Porting PyTorch neural network to Amazon AWS

As part of my Sopra Steria engagement, I have been lately fortunate to spend time in the so-called Aerospace Valley, which is a cluster of aerospace engineering research centers in Toulouse, France. My recent task was to do with cloud detection (image recognition). The goal is to train neural network to detect whether a satellite image is obstructed by clouds.

My work is based on this open source code by Maurício Cordeiro, which the author describes as very simple U-Net model with PyTorch for semantic segmentation of satellite images. PyTorch is deep learning library, and U-Net is a type of convolutional neural network, originally from University of Freiburg.

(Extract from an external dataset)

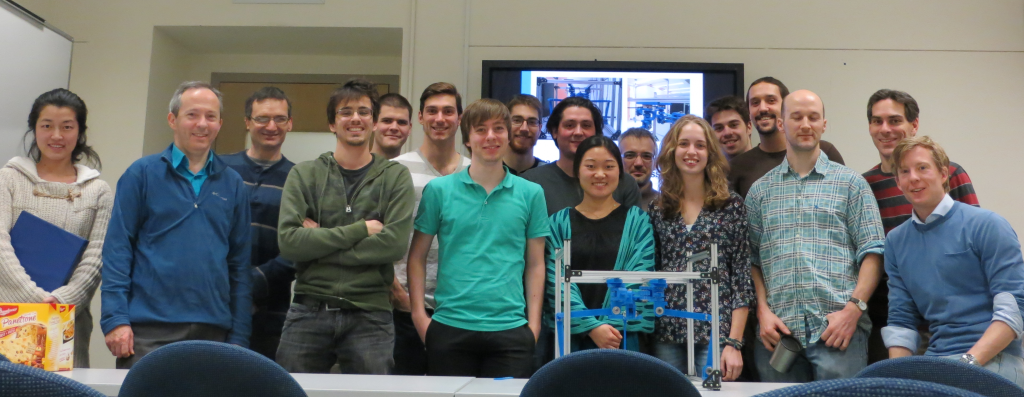 The staff and students of the Laval University Robotics Laboratory, as present during Teun's final presentation on 19 December 2014.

The network works on sizeable test and train set that contains about 80,000 labelled tif (raster) images, totalling at 15 GB, published together with papers quoted here by S. Mohajerani and T. A. Krammer and P. Saeedi.

The expected functionality is demonstrated below. Given the input satellite image (left), the network is expected to do the segmentation, producing the binary mask indicating the clouded areas (right).

cloud segmentation. Source: this article by Mauricio Cordeiro

For the reasons of performance and scalability we needed to port the code to the Amazon AWS cloud. Part of the reason is that GPU processing (that uses Pytorch and CUDA) easily available on that environment.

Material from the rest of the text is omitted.